Name Type Description Default
observations NDArray[floating[Any]]

np.ndarray Observed data points (N,).

required
predicted_mus NDArray[floating[Any]]

np.ndarray Predicted means for each observation (N,).

required
predicted_sigmas NDArray[floating[Any]]

np.ndarray Predicted standard deviations for each observation (N,).

required
censored_quantile float

float (default=0.01) Quantile below which log-likelihoods are censored.

0.01

Returns:

Type Description
NDArray[floating[Any]]

np.ndarray: The censored log likelihood of all observations.

Source code in src/spectranorm/utils/stats.py
def compute_censored_log_likelihood(
    observations: npt.NDArray[np.floating[Any]],
    predicted_mus: npt.NDArray[np.floating[Any]],
    predicted_sigmas: npt.NDArray[np.floating[Any]],
    censored_quantile: float = 0.01,
) -> npt.NDArray[np.floating[Any]]:
    """
    Compute censored log likelihood, replacing extreme low likelihoods with a censoring
    threshold.

    Args:
        observations: np.ndarray
            Observed data points (N,).
        predicted_mus: np.ndarray
            Predicted means for each observation (N,).
        predicted_sigmas: np.ndarray
            Predicted standard deviations for each observation (N,).
        censored_quantile: float (default=0.01)
            Quantile below which log-likelihoods are censored.

    Returns:
        np.ndarray:
            The censored log likelihood of all observations.
    """
    # Compute log likelihoods
    log_likelihoods = compute_log_likelihood(
        observations,
        predicted_mus,
        predicted_sigmas,
    )

    if censored_quantile <= 0:
        return log_likelihoods

    # Standardized residuals
    z_scores = (observations - predicted_mus) / predicted_sigmas

    # Two-sided z threshold based on standard normal
    z_threshold = stats.norm.ppf(1 - censored_quantile)
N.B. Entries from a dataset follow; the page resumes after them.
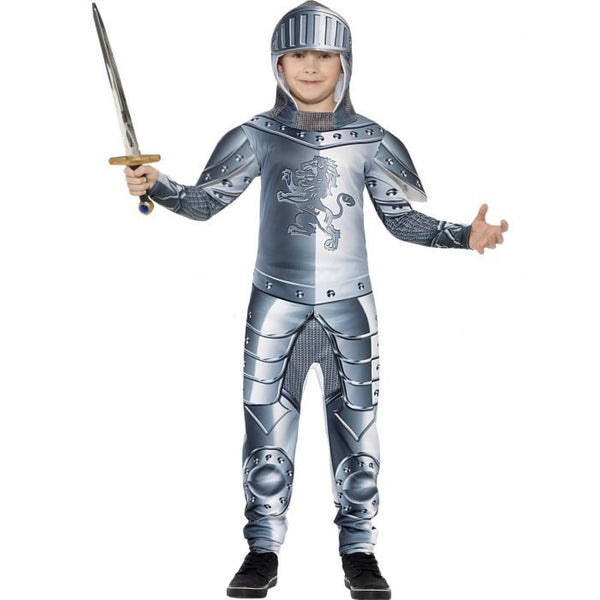 Deluxe Armoured Knight Kids Costume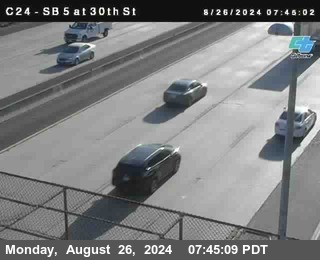 SB 5 at 30th St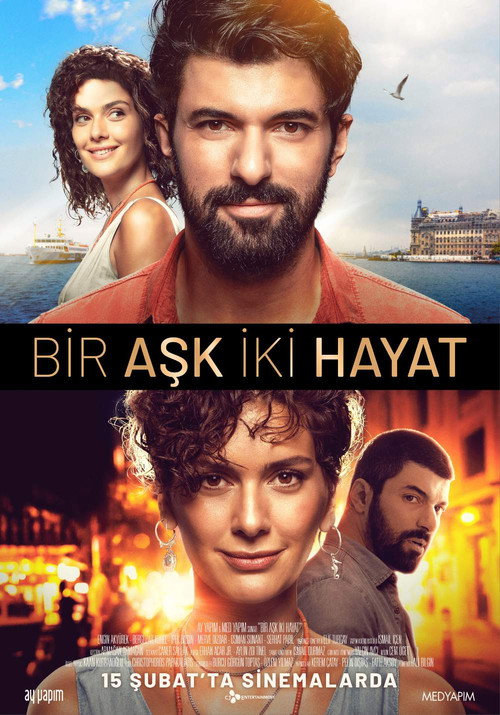 Bir Aşk İki Hayat afiş görseli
    # Replace extreme z's with constant tail mass
    censored_value = np.log(2 * censored_quantile)

    # Apply censoring (two-sided) and return
    return np.where(
        np.abs(z_scores) > z_threshold,
        censored_value,
        log_likelihoods,
    )

compute_centiles_from_z_scores(z_scores: npt.NDArray[np.floating[Any]]) -> npt.NDArray[np.floating[Any]]

Convert z-scores to percentiles.

Parameters:

Name Type Description Default
z_scores NDArray[floating[Any]]

np.ndarray Array of z-scores.

required

Returns:

Type Description
NDArray[floating[Any]]

np.ndarray Array of percentiles corresponding to the z-scores.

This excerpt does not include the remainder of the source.